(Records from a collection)
────────────────────────────────────────
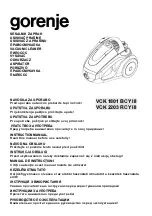 Preview for 1 page of Gorenje VCK 1801 BCY III Instruction Manual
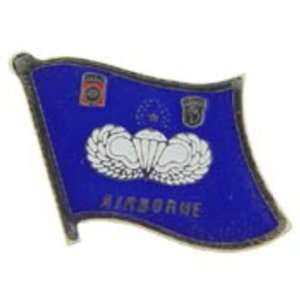  U.S. Army 82nd 101st Airborne Flag Pin 1 Arts, Crafts 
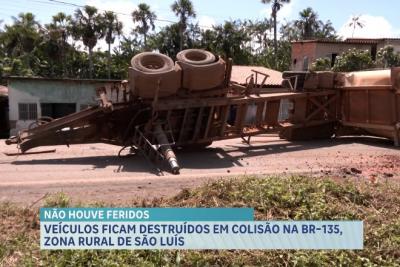 Veículos colidem e causam acidente na zona rural de São Luís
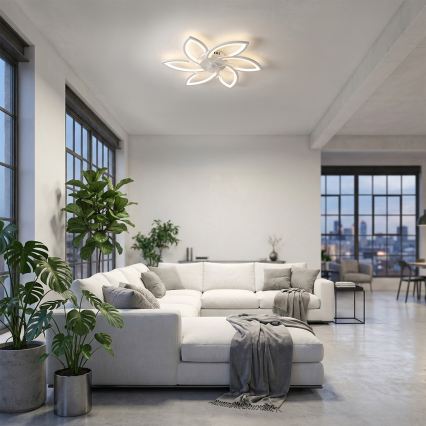 Brilagi - LED dimmbare Deckenleuchte mit Ventilator LED/50W/230V 3000-6500K Weiß + Fernbedienung
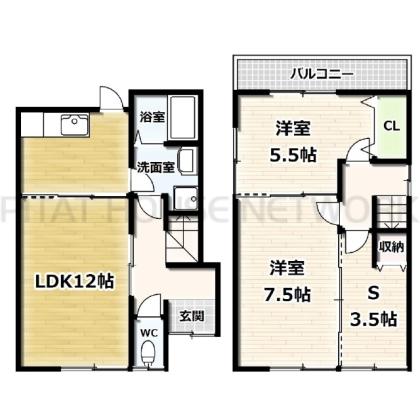  間取り図写真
────────────────────────────────────────
ASSIGNED TASK
Copy the entries above exactly from the line with "Brilagi - LED" down to their last line, both ends included. Do not copy any pictures.

WRITTEN RESPONSE
 Brilagi - LED dimmbare Deckenleuchte mit Ventilator LED/50W/230V 3000-6500K Weiß + Fernbedienung
  間取り図写真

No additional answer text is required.